(Beginning of INFORMATION PROVIDED)

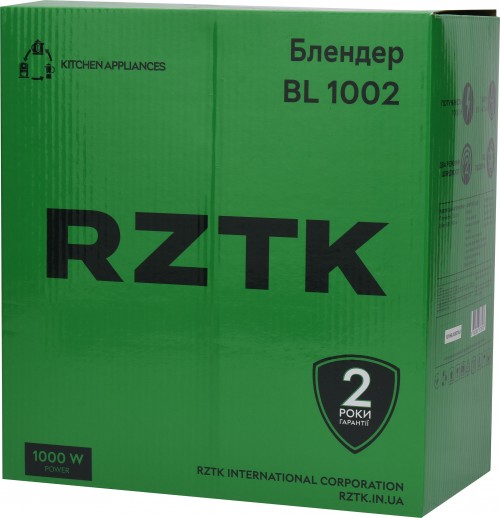 RZTK BL 1002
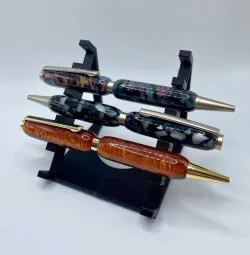 Pen Display Stand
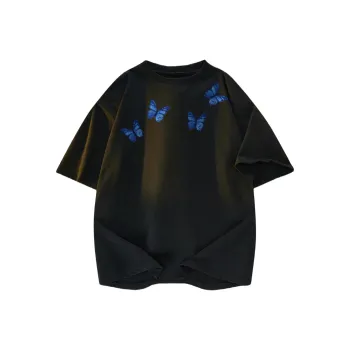 WKOOG T Shirts Unisex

(End of INFORMATION PROVIDED)

**TASK GOAL:** Would you please copy the listing exactly, omitting every picture?

**SOLUTION TO THIS TASK:**
 RZTK BL 1002
 Pen Display Stand
 WKOOG T Shirts Unisex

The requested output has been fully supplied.